Karena itu, belajar agama di internet tidak bisa dilakukan secara otodidak. Harus ada bimbingan dari seorang guru yang otoritatif dan kompeten di bidangnya. Karena keteladanan tidak bisa ditransfer hanya melalui visual dan audio.
“Tanpa guru, ilmu agama hanya akan menjadi wacana dan bahan bakar perdebatan. Ingat, internet adalah alat, bukan tujuan utama,” ujarnya.
Aina menyarankan kepada masyarakat untuk mendeteksi identitas dan otoritas penulis atau kreator konten. Penting juga dilakukan agar memfilter ajaran yang memuat kebencian dan kekerasan, serta mengkroscek dengan referensi lain, baik yang pro maupun kontra.
“Mengkonsultasikan dengan tokoh agama di dunia nyata, menahan diri untuk tidak gegabah menyebarkan konten agama, dan berhati-hati terhadap keamanan data pribadi ketika memproduksi, mengakses, berkomentar dalam konten dakwah,” tuturnya.

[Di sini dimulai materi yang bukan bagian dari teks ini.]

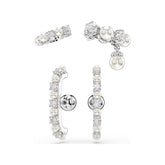 Swarovski Matrix korvakorut, setti, vaalea metalli, kirkkaat zirkonit ja valkoiset helmet 5691715
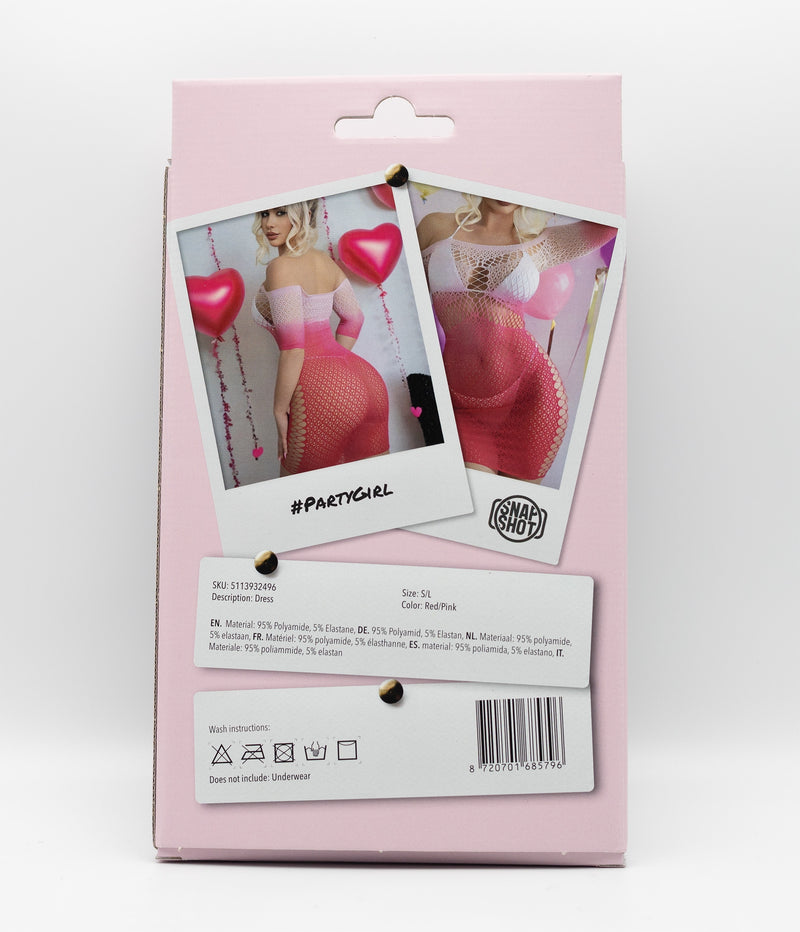 Snapshot - #partygirl - Vestido de rejilla - Talla única - Rojo/Blanco Ombré - Erotiekvoordeel.nl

Sementara itu, Rika Iffati Farihah, Founder neswa.id mengatakan We are Social Hootsuite mencatat pada Februari 2022 di Indonesia terdapat 204,7 juta pengguna internet yang setara dengan 73,7% dari populasi penduduk Indonesia. Angka tersebut meningkat dibanding tahun sebelumnya 2,1 juta atau naik 1%.
Sementara, berdasarkan Survei Badan Pusat Statistik (BPS) tahun 2018 mengungkap bahwa dari tiga subindeks Indeks Pembangunan Teknologi Informasi dan Komunikasi (IP-TIK) Indonesia yaitu akses dan infrastruktur, intensitas penggunaan, dan keahlian/kecakapan, subindeks keahlian yang memiliki skor paling rendah.
Kata Rika, Individu yang cakap bermedia digital dinilai mampu mengetahui, memahami, dan menggunakan perangkat keras dan lunak dalam lanskap digital, mesin pencarian informasi, aplikasi percakapan dan media sosial, serta aplikasi dompet digital, lokapasar, dan transaksi digital.
Rika pun memberikan tips menjaga diri dan orang lain dari ancaman berita bohong (hoax). Pertama, ambil jeda waktu, tidak terburu-buru bereaksi dan jangan terbawa emosi. Kedua, saring sebelum sharing, dengan mengecek fakta, cek kredibilitas sumber, cari alternatif dan bandingkan.
“Tips terakhir, pertimbangkan risiko dan manfaatnya. Bila tidak yakin, jangan disebarkan,” tukasnya.
Dia juga menyarankan jika menemui akun yang telah mengganggu privasi, melanggar ketentuan sosial seperti menyebarkan berita bohong dan ujaran kebencian, laporkan.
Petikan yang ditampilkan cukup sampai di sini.